Activity #2:  God’s Way/The World’s Way

The message of this scripture is the difference between the way that Jesus and the Pharisees treated the lesser members of society. So I decided, next, to examine each word phrase, to compare the godly way of perceiving the sinner (Jesus’ actions), versus the worldly way (those of the Pharisees). I read each phrase, then decided whether it was speaking of God’s view of things, or a world view, and sorted them. Here is the result:

God’s Way of Relating to the Sinner

  • “Jesus went on from there…” – God never ceases looking for those in need
  • “… he saw a man, Matthew…” – God actually notices us; as Miles McPherson says it, He sees the “saint within the sinner”
  • “Follow me…” – God calls us to Him and wants us to walk with Him
  • ” … having dinner at Matthew’s house…” – God fellowships with the sinner
  • … on hearing this… ”  God hears  the bad things that are said about the sinner
  • ” … It is not the healthy who need a doctor, but the sick.” – God considers our sin a curable sickness
  • “Go and learn what this means … ” – God wants us to not just know the Word, but understand and live it
  • “I desire mercy, not sacrifice.” – How we treat sinners is more important than gifts we give to God
  • “I have not come to call the righteous, but the sinners.” – Jesus came to gather the sinners

Does this sound like anyone you know? Does this sound like you? But, more importantly, does it sound like me?

The World’s Way of Relating to the Sinner

  • When the Pharisees saw this…” – The world minds the sinner’s affairs from afar
  • ” … they asked His disciples…” – The world talks about sinners behind their backs
  • “Why does your teacher…” – The world does not claim Jesus as its teacher
  • “Why does your teacher eat with tax collectors and sinners?” – The world questions kindness toward sinners and  refuses to associate with sinners.

Does this sound like anyone you know? Does this sound like you? But, more importantly, does it sound like me?

At the tax collector

 

Activity #3: How Does God See Me?

For a glimpse at how God sees me, I can also do this exercise: take the Scripture, and substitute my name, or the words, “me” or “I” wherever I see reference to either tax collectors or sinners. It would look a little like this —

As Jesus went on from there, he saw me sitting in my . “Follow me,” he told me, and I got up and followed him. While Jesus was having dinner at my house, many [of my friends] came and ate with him and his disciples. When the [church folk] saw this, they asked his disciples, “Why does your teacher eat with Kim and her friends?”  On hearing this, Jesus said, “It is not the healthy who need a doctor, but Kim [does]. But go and learn what this means: ‘I desire mercy, not sacrifice.’ For I have not come to call the righteous, but Kim.”

Wow… Jesus came to my office and asked me to make a dinner party for Him! AND He told the church folk that He came to the neighborhood JUST FOR ME!

Activity #4: Where do I need to check myself?

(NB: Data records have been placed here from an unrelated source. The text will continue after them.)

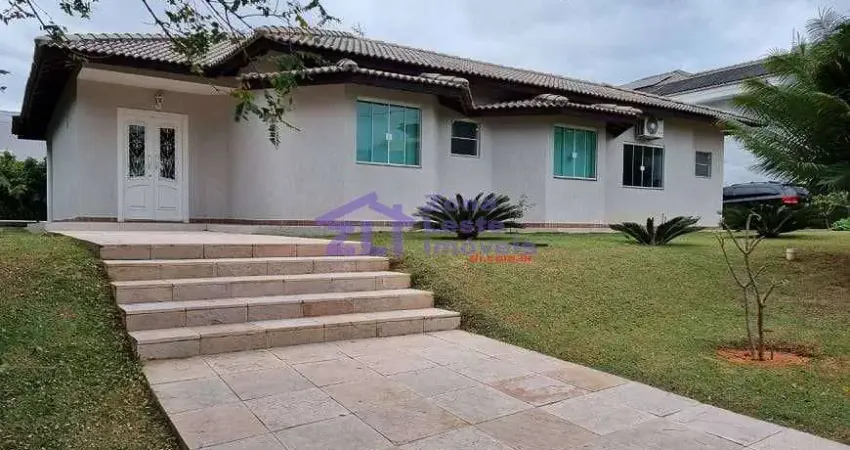 Casa com 3 dormitórios, 380 m² - venda por R$ 1.499.000,00 ou aluguel por R$ 8.780,00/mês - Parque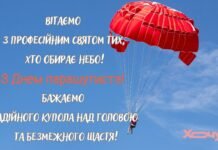 Тем, кто влюблен в небо: смелые слова и особые картинки для тех, кто не боится высоты и открытий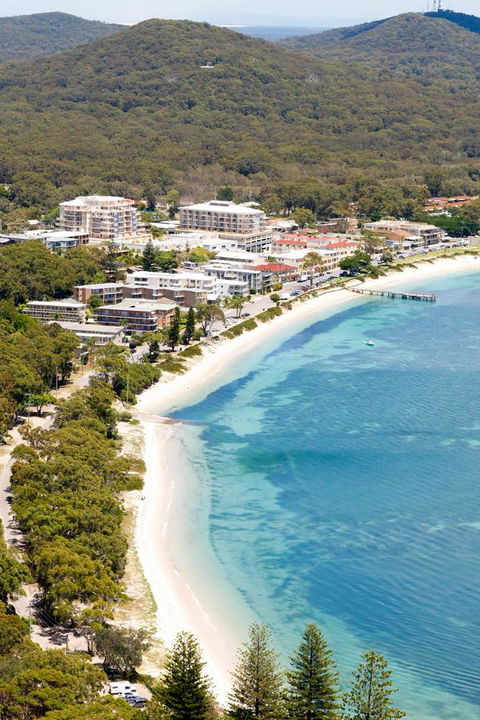Ramada Resort By Wyndham Shoal Bay - Cruises Travel 7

Okay. Now for the moment of truth. Let’s do the same activity, except this time substitute my name, “me” or “I” wherever they mention the Pharisees. I can substitute, in the place of “tax collectors” or “sinners” any group of people that is in need in my community, or an individual person:

As Jesus went on from there, he saw a drug addict sitting [at the street corner]. “Follow me,” he told him, and the drug addict got up and followed him. While Jesus was having dinner [with the addict] at [the shelter], many drug addicts and alcoholics came and ate with him and his disciples. When I saw this, I asked his disciples, “Why does your teacher eat [at the shelter] with drug addicts and alcoholics?” On hearing this, Jesus said [to me], “It is not the healthy who need a doctor, but the sick. But go and learn what this means: ‘I desire mercy, not sacrifice.’ For I have not come to call the righteous, but sinners.”

I don’t know about you, but whenever I do this activity, substituting my own name wherever I see the name of someone who is living according to the flesh, there is always a particular line that gives me a “twinge.” When this happens, I have to stop and think about why.

I hope you found any of these study ideas helpful. Be well, and be blessed!